[Try it]:
Down to the last line of the listing, starting at the one with "Cartoon Nail Clippers", retype each line exactly. Do not copy the pictures.

------------------------------------------------

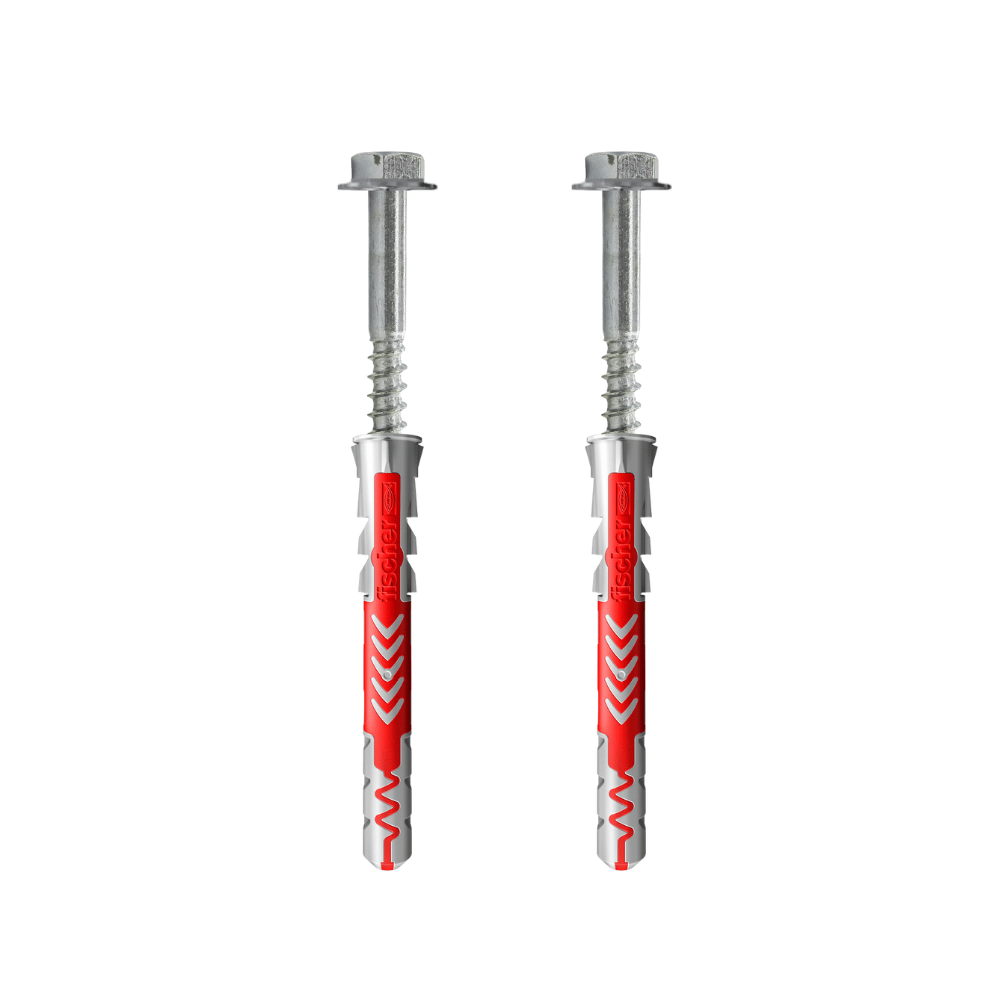 Set van 2 bouten 10x100 en pluggen 14x110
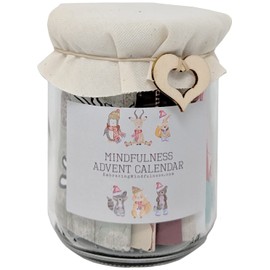 Embracing Mindfulness Mindfulness Advent Calendar - 24 Mindfulness tasks in a jar to help you enjoy and appreciate Christmas even more!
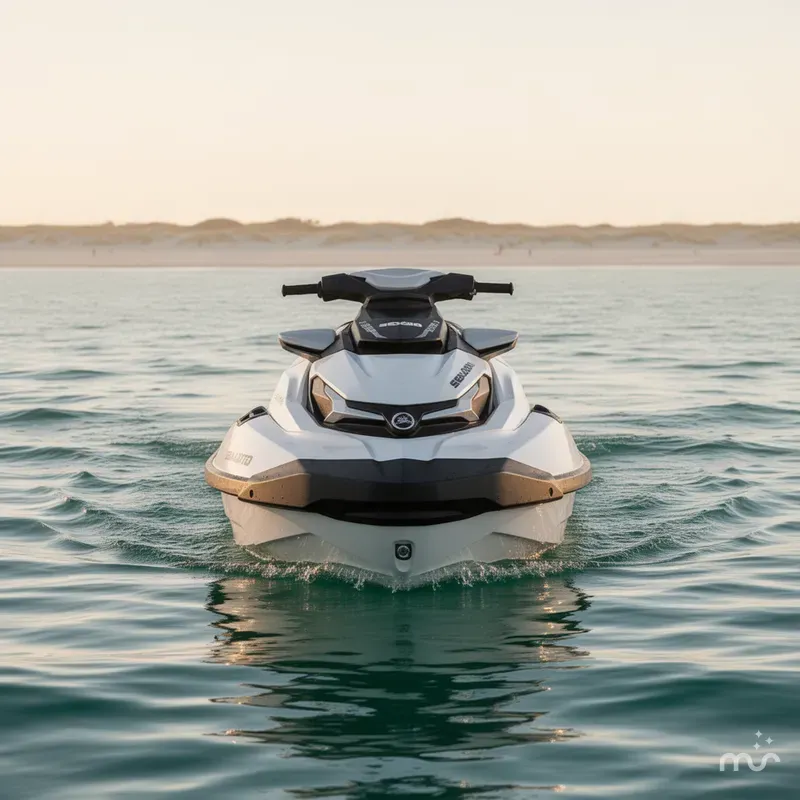 Slide: The Image of Sea-Doo GTX™ Limited 325 White Pearl Premium 2025 - 1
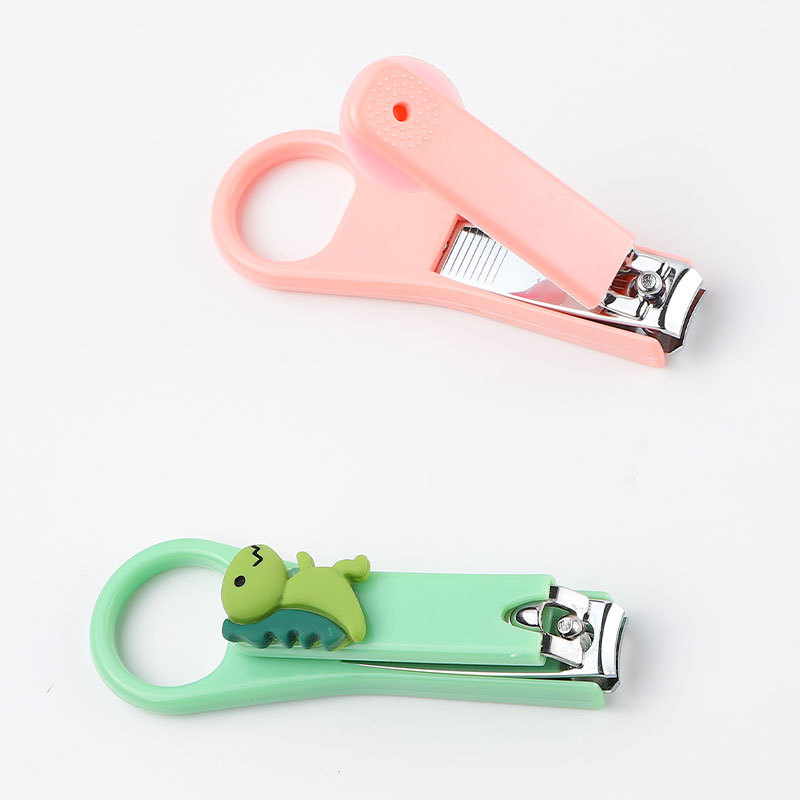 Cartoon Nail Clippers Cute Baby Safety Nail Cutter Child Manicure Tools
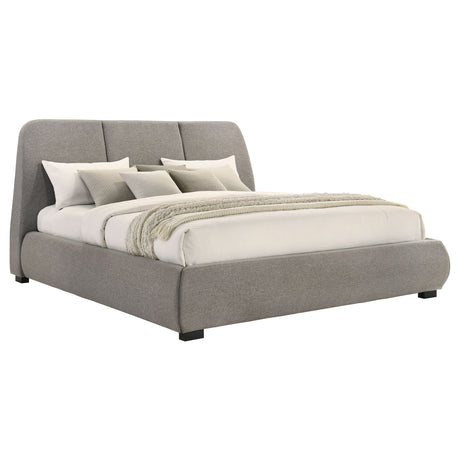 Mokena Panel Platform Bed - Furniture World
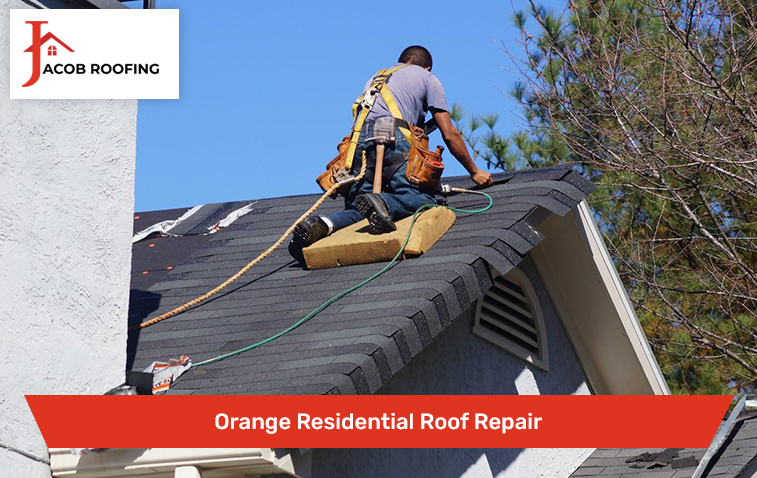 Orange Residential Roof Repair
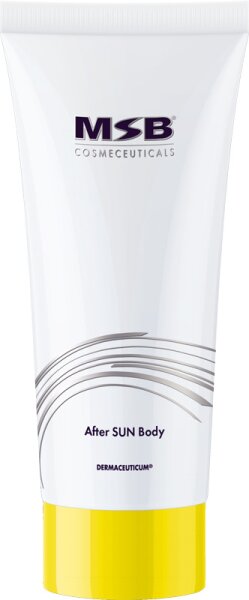 MSB Cosmeceuticals After Sun Lotion Body 200 ml von MSB Cosmeceuticals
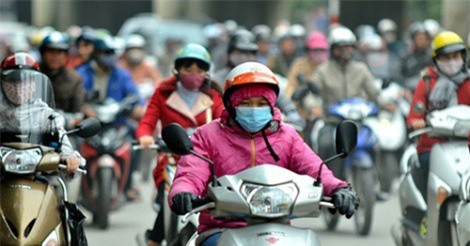 Thời tiết ngày 22/11: Không khí lạnh tăng cường tại miền Bắc, có nơi dưới 9 độ C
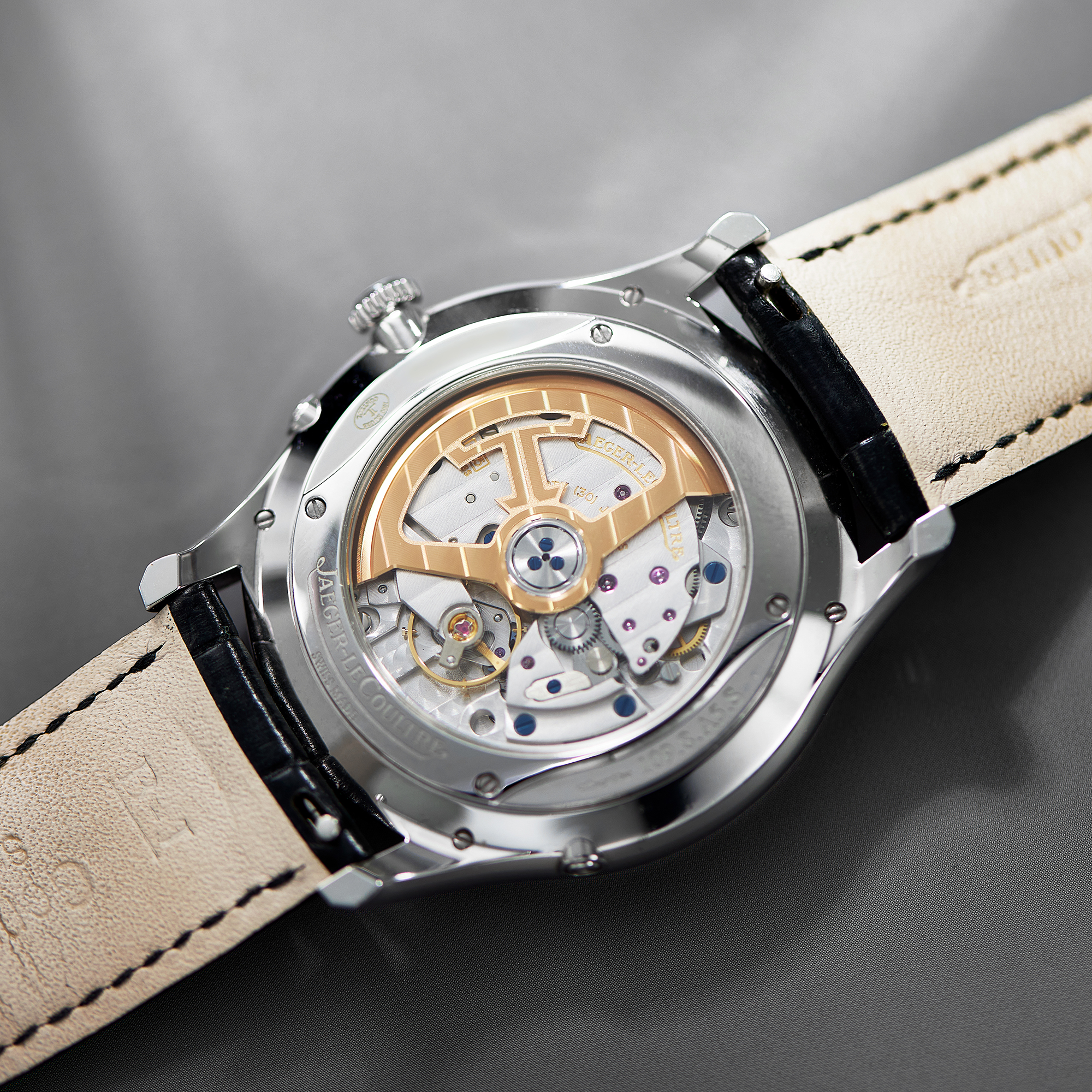 Master Ultra Thin Moonphase Steel Silver Dial 39mm Product Image 9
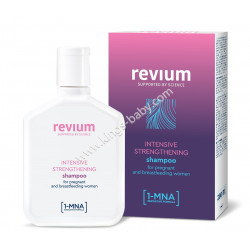 Shampoing pour femme enceinte et allaitante Revium Pharmena 1-MNA fortifiant intensif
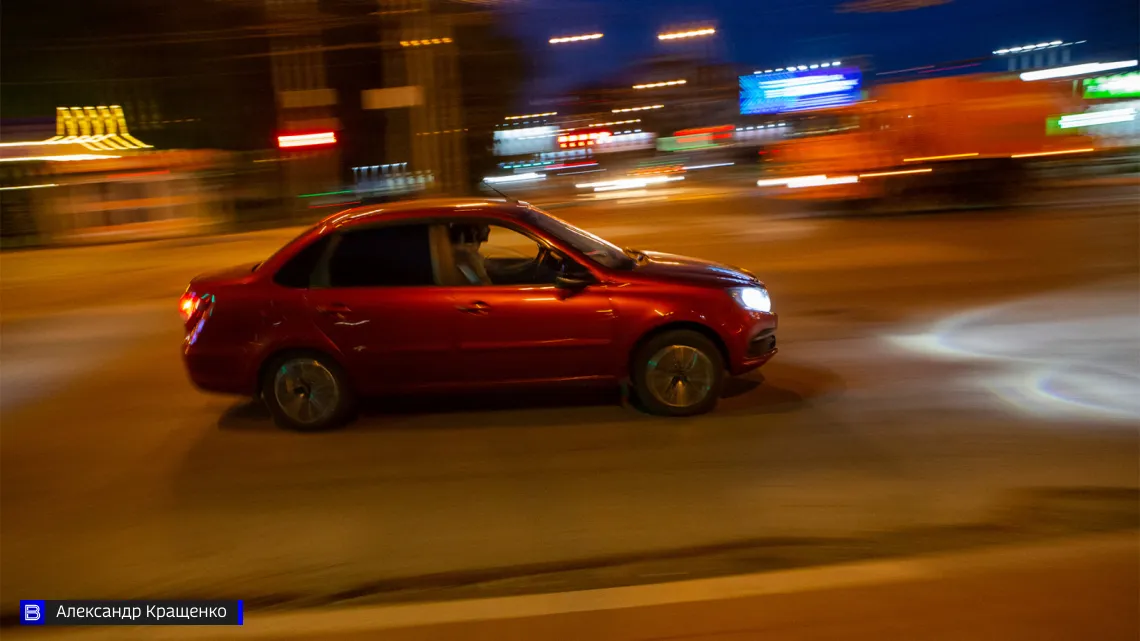 Полиция сорвала незаконные автогонки в Стрежевом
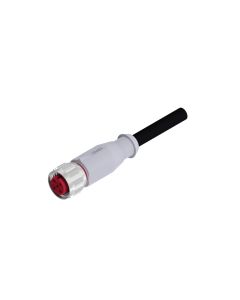 Kupplung axial • A-codiert • Anschlussleitung • M12x1 • 5-pol. • 2 m • 0,34 mm²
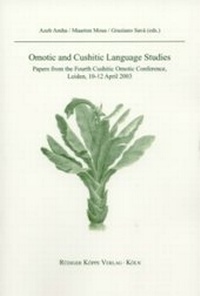 Abbildung von: Omotic and Cushitic Language Studies - Köppe, R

------------------------------------------------

[Task response]:
 Cartoon Nail Clippers Cute Baby Safety Nail Cutter Child Manicure Tools
 Mokena Panel Platform Bed - Furniture World
 Orange Residential Roof Repair
 MSB Cosmeceuticals After Sun Lotion Body 200 ml von MSB Cosmeceuticals
 Thời tiết ngày 22/11: Không khí lạnh tăng cường tại miền Bắc, có nơi dưới 9 độ C
 Master Ultra Thin Moonphase Steel Silver Dial 39mm Product Image 9
 Shampoing pour femme enceinte et allaitante Revium Pharmena 1-MNA fortifiant intensif
 Полиция сорвала незаконные автогонки в Стрежевом
 Kupplung axial • A-codiert • Anschlussleitung • M12x1 • 5-pol. • 2 m • 0,34 mm²
 Abbildung von: Omotic and Cushitic Language Studies - Köppe, R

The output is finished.